Federal Reserve Bank of Atlanta President Dennis Lockhart said while recent market volatility raised risks to the U.S. economic and inflation outlook, he remains confident the central bank will raise interest rates this year.

Calling it a “close call” by the Federal Open Market Committee last week to hold interest rates near zero, Lockhart said Monday that he had voted with the majority as “prudent risk management around recent and current market volatility.”

“As things settle down, I will be ready for the first policy move on the path to a more normal interest-rate environment,” he said in a speech in Atlanta. “I am confident the much-used phrase ‘later this year’ is still operative.”

Lockhart’s comments align him with three other regional Fed presidents -- San Francisco’s John Williams, St. Louis’s James Bullard and Richmond’s Jeffrey Lacker -- who argued over the weekend for lifting the central bank’s key interest rate before year’s end, just days after the Federal Open Market Committee opted to leave rates near zero.

Chair Janet Yellen, in a post-FOMC press conference on Thursday to explain the decision, cited financial market turmoil and slowing growth in China as raising doubts about the outlook for U.S. growth and inflation. Yellen will deliver a speech on Sept. 24 in Amherst, Massachusetts, granting herself another opportunity to communicate the Fed’s policy view.

Lockhart told the Buckhead Rotary Club that the Fed had achieved its desired requirement of “further improvement in labor markets,” but the recent volatility cast doubt on the desired “reasonable confidence” that inflation will return to the Fed’s 2 percent target.

Comfortable Enough

“Even so, I have gotten comfortable enough on the inflation question to take a first step in one of the coming FOMC meetings in what will likely be an extended process of normalization of the interest-rate environment,” he said.

Inflation expectations appear well anchored and continuing expansion of the economy should result in tightening in labor markets, Lockhart said.

Lockhart said policy makers focused on market volatility only because it suggests the risk of impact on the U.S. economy.
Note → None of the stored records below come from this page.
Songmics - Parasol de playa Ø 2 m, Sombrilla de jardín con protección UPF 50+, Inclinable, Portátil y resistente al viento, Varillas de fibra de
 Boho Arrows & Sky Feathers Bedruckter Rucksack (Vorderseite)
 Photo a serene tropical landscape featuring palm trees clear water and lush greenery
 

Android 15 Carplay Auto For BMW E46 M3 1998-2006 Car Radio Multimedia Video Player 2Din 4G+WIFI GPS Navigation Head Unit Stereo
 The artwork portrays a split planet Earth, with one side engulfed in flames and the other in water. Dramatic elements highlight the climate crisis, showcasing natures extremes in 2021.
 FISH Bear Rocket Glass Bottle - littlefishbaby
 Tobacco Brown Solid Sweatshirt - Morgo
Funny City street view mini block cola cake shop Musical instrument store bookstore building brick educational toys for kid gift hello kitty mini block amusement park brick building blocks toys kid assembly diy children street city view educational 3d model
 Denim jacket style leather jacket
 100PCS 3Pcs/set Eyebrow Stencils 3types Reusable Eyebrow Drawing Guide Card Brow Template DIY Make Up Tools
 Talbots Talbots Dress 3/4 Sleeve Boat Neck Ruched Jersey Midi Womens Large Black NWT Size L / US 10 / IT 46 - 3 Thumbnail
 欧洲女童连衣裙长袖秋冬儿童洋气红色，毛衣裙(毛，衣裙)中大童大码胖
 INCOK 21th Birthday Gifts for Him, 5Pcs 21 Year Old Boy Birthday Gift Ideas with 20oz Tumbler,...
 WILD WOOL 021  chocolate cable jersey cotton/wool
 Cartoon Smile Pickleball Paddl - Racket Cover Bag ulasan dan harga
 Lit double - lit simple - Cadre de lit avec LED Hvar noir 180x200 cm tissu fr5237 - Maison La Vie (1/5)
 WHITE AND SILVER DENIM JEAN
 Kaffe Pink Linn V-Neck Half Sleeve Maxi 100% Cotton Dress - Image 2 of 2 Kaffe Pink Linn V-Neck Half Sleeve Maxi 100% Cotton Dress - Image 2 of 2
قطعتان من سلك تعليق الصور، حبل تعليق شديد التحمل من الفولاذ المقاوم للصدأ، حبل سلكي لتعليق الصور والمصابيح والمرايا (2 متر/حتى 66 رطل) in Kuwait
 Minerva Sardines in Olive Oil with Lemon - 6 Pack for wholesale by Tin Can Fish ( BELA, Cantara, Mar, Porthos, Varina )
“About a month ago, uncertainties loomed larger, market volatility rose, and, from a policy maker’s perspective, risks to the domestic economy ratcheted up a little,” he said. “It’s too early to know whether this episode amounts to a bona fide shock to the economy or just a nervous spasm in the markets.”

Chinese Outlook

Lockhart cited slowing growth in China and concern over emerging markets amid falling commodities prices as causes of the volatility. The direct impact of China on the U.S. doesn’t appear large, he said.

“My summary assessment is that the sources of uncertainty that fueled financial market volatility represent a modest risk to our economy, but a risk factor nonetheless,” he said.

“The domestic economy appears to me to be ready for the beginning of normalization,” he told reporters after the speech. “I think it was a close call for the committee as a whole. Others have used that term and I agree,” he said, describing the FOMC decision to delay liftoff.

Most FOMC participants expect a rate increase this year, according to their forecasts released last week. Investors are less persuaded the central bank will follow through. Trading in federal funds futures indicates a 20 percent probability of a rate increase at the Oct. 27-28 FOMC meeting and 49 percent chance of an increase by the gathering on Dec. 15-16.

While U.S. unemployment has fallen to 5.1 percent, close to the Fed’s estimate of full employment, inflation remains far from the goal. The Fed’s preferred gauge of inflation has remained under its 2 percent target since April 2012 and rose 0.3 percent in the year through July.

The Fed has kept its benchmark policy rate near zero since December 2008.